As you may have guessed, I really enjoy running and actively promote this fun sport on my blog. I find running an essential gateway into a happier and more healthy lifestyle. With all the benefits I’ve received from my running journey, I still struggle to make this work. There are days, like today, when old demons resurface a wreak havoc on my psyche. Unlike the past, I recognize what they are and have evolved strong, proactive mechanisms to deal with them. Today a simple 3 mile run turned into a difficult battle of wills. After the run, I wrote the following on my Daily Mile account:
What a struggle of a run. Prior to setting off I tore into myself with ridiculous body image issues. It mentally effed up this run from start to finish. I am angry I let myself entertain those thoughts, let alone allowed them to mess up my run. I know it is only running nerves, I get them before every run. More often, this nervous energy is turning into a vicious body image attack. I’m not happy with that and I’m looking for ways to stop this cycle of unwarranted stress. /end of rant
In the past, I would internalize my overly critical assessments; now I know what triggers these thoughts and I use this knowledge to reel me back in to a better frame of mind. Some days I’m better at it than others. You should have seen me the week leading up to my first Triathlon, my thoughts ranged from ditching the race altogether because I looked silly in Tri-Suit to reminding myself that piranha do not live in the Schuylkill river. Despite these thoughts, I managed to complete my first Triathlon. Yay me!

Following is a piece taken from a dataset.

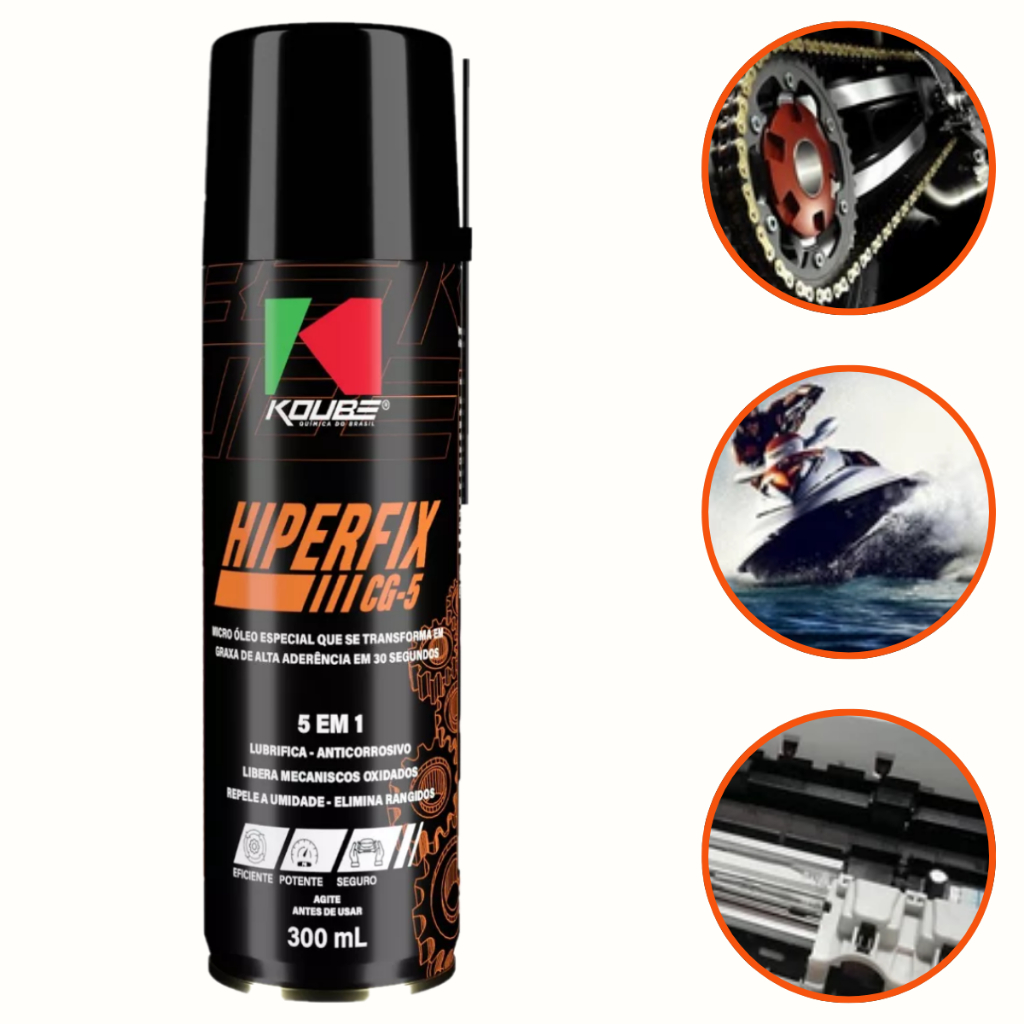 Imagem Hiperfix Cg-5 Spray Koube ( 5 Em 1 ) Lubrificante Desengripante E Graxa Frasco 200Ml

The message I am attempting to communicate to my readers is keeping physically fit and maintaining a healthier lifestyle is so worth the struggle. Everyone, even elites, have to face this struggle in their fitness journey. It is when we are struggling that we learn the most about ourselves and gain valuable experience for whatever faces us in life. Throughout my journey, I have learned to recognize my stress triggers and effectively manage them. This is a skill which transfers into every aspect of my life. A lovely side benefit of exercise.
Honestly, I wish every run came with rainbows and sugar plums, sadly, they do not. Some runs are a breeze, others take everything I have to finish the run. I’ve learned to simply push through; knowing that this will pass and I will be all the stronger for it.
Also, a good public rant is so cathartic during these times. I’m stepping off my soap box feeling a thousand times better and looking forward to my next half marathon this coming Sunday.